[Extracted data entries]
..............................

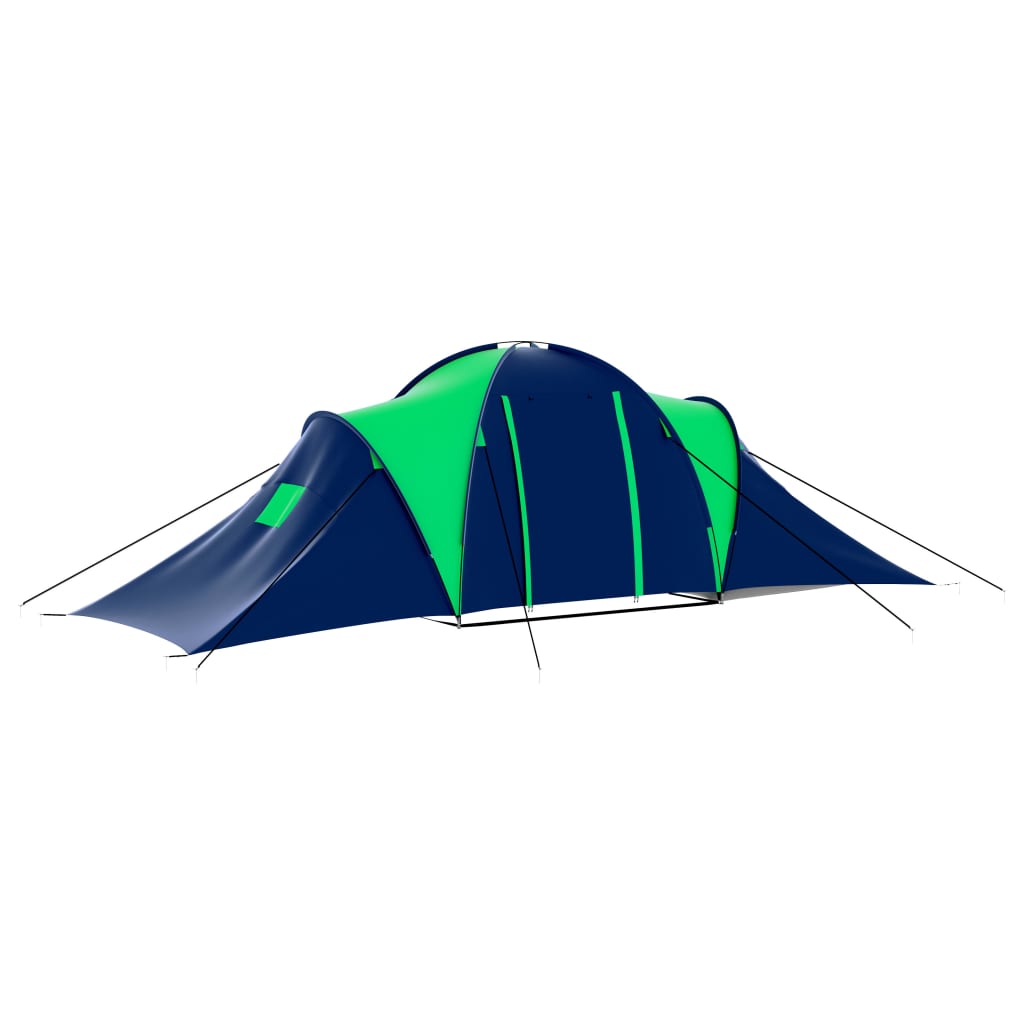 Vidaxl Zelt für 9 Personen, Polyester, Blau und Grün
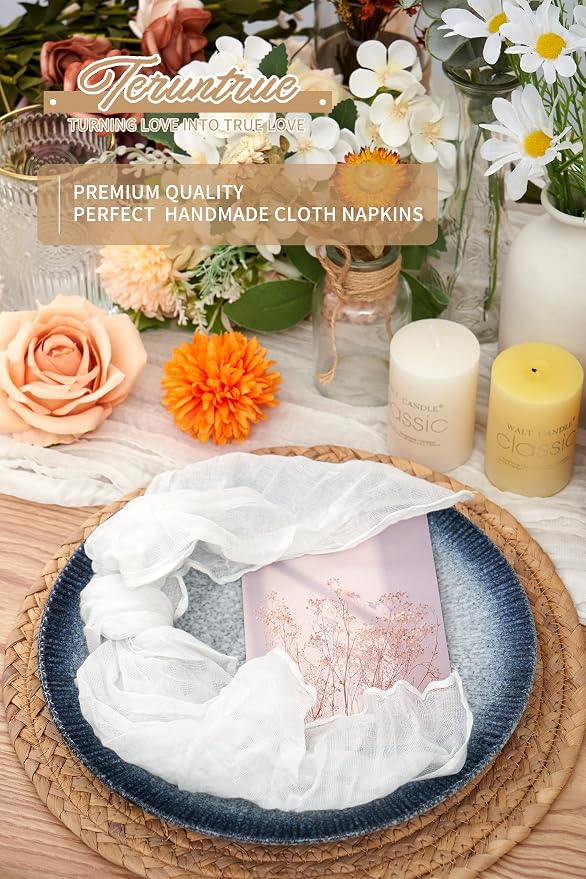 42 Packs Gauze Cheesecloth Napkins 20 x 20 Inch White Wrinkled Dinner Napkins, Rustic Boho Napkins Soft Cloth Napkins for Wedding Party Event Dinner Table Decoration - Image 5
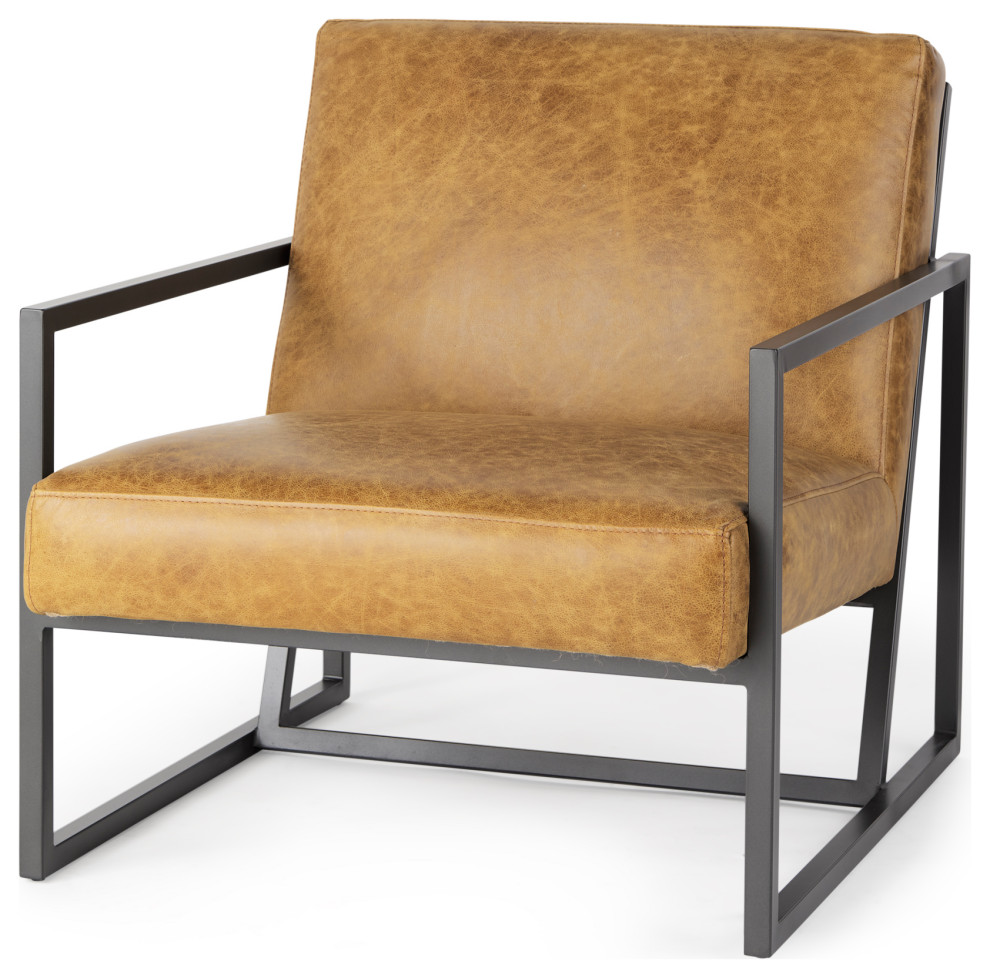 Armelle Genuine Leather With Solid Iron Frame Accent Chair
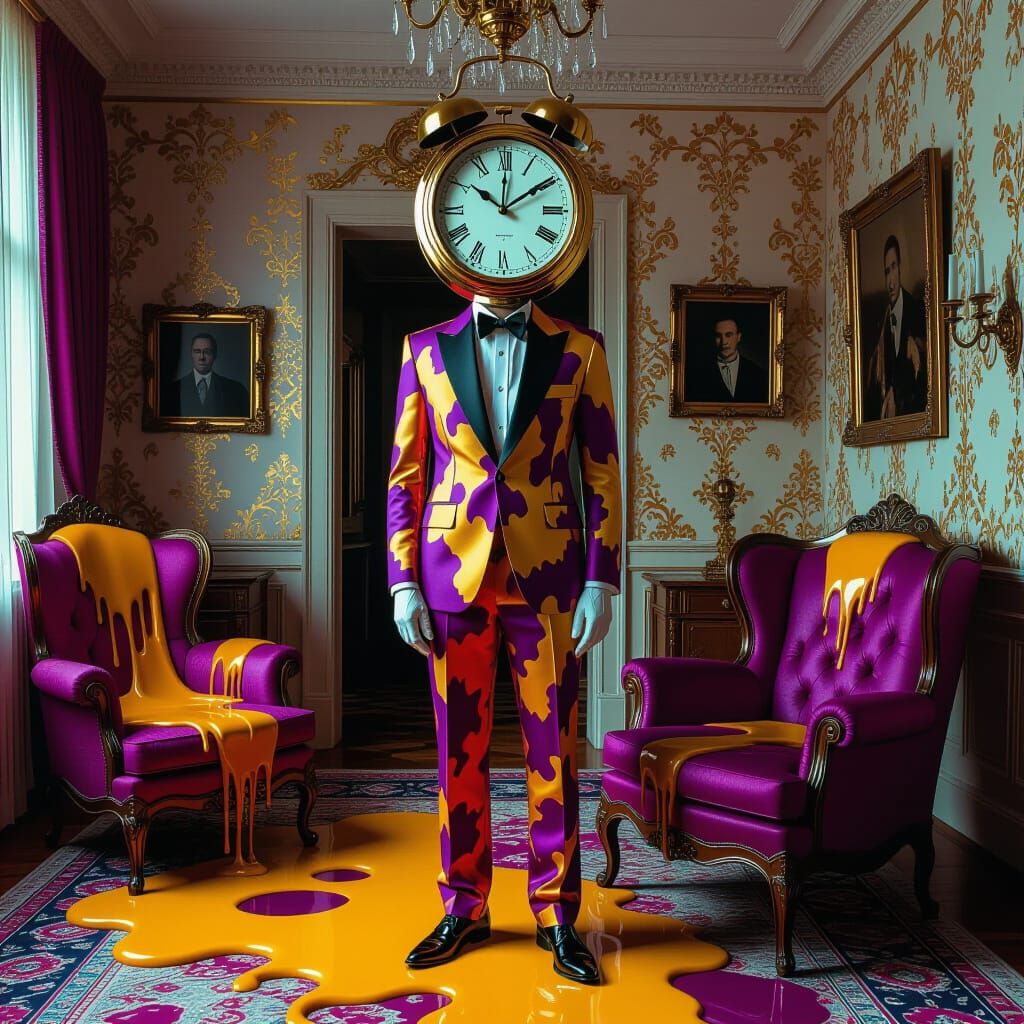 Surreal Man with Clock Head in Dreamlike Room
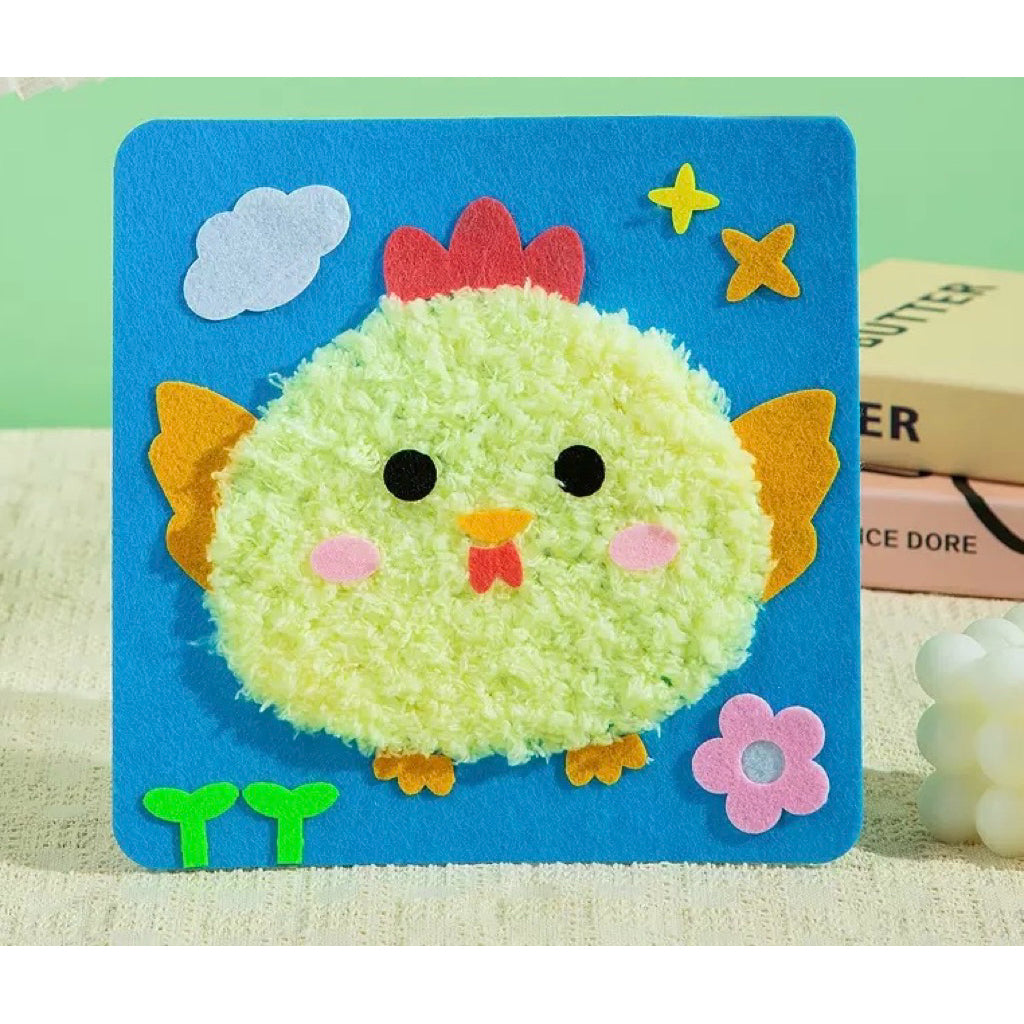 🎨 DIY Stitching Art Kit for Kids – Animal Series (17x17cm) - Children Day - Birthday Gift - Gift Pack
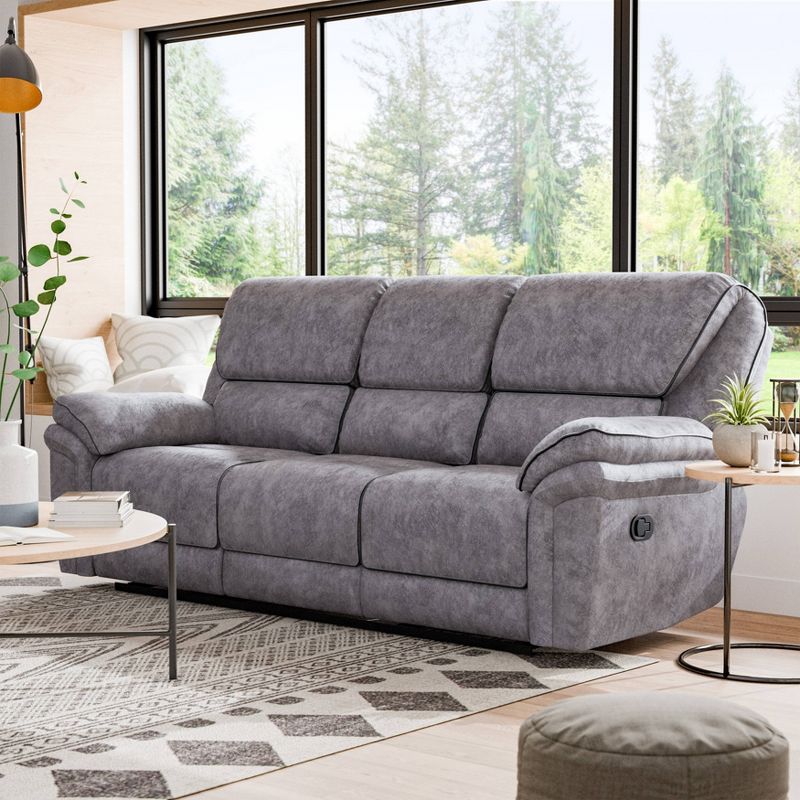 miBasics 89&#34; Breezenight Transitional Manual Reclining Sofa with Cup Holders Gray, 3 of 19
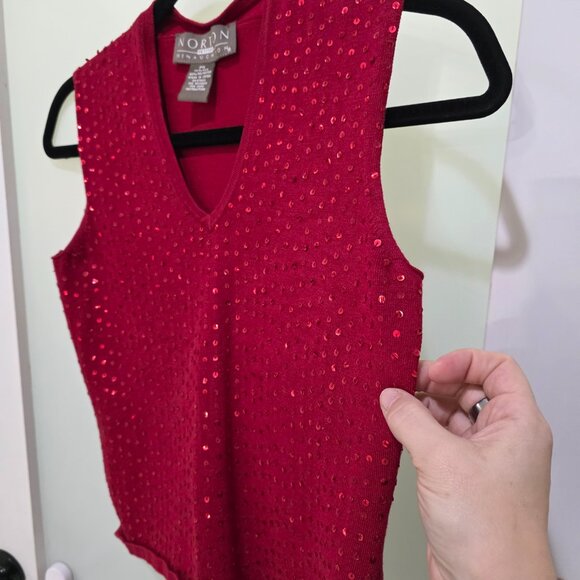 Norton Petites Red Sequin Sweater Tank PS Sparkle Knit Sleeveless Top - Picture 6 of 7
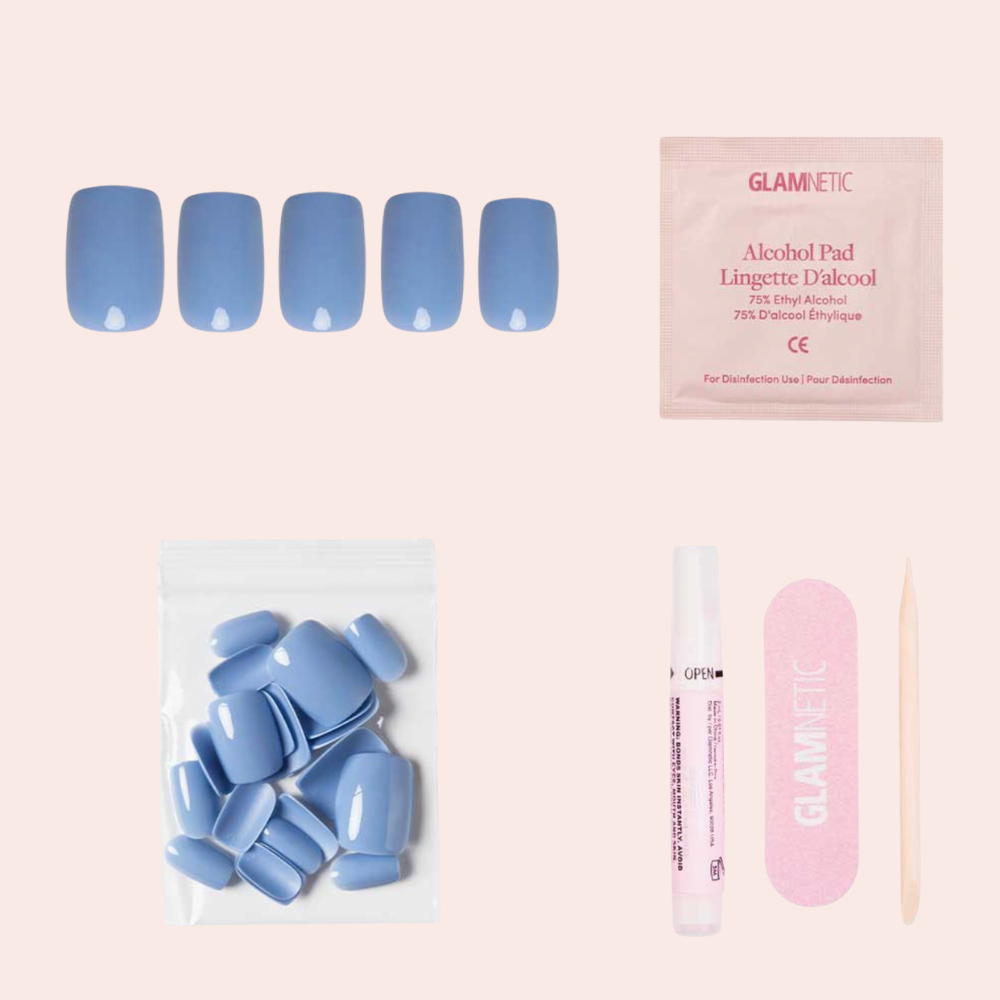 Cashmere Blue Short Squoval Press-On Nails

..............................

## TASK TO CARRY OUT
Each entry above should be given again exactly, with its pictures omitted.

## WRITTEN ANSWER
 Vidaxl Zelt für 9 Personen, Polyester, Blau und Grün
 42 Packs Gauze Cheesecloth Napkins 20 x 20 Inch White Wrinkled Dinner Napkins, Rustic Boho Napkins Soft Cloth Napkins for Wedding Party Event Dinner Table Decoration - Image 5
 Armelle Genuine Leather With Solid Iron Frame Accent Chair
 Surreal Man with Clock Head in Dreamlike Room
 🎨 DIY Stitching Art Kit for Kids – Animal Series (17x17cm) - Children Day - Birthday Gift - Gift Pack
 miBasics 89&#34; Breezenight Transitional Manual Reclining Sofa with Cup Holders Gray, 3 of 19
 Norton Petites Red Sequin Sweater Tank PS Sparkle Knit Sleeveless Top - Picture 6 of 7
 Cashmere Blue Short Squoval Press-On Nails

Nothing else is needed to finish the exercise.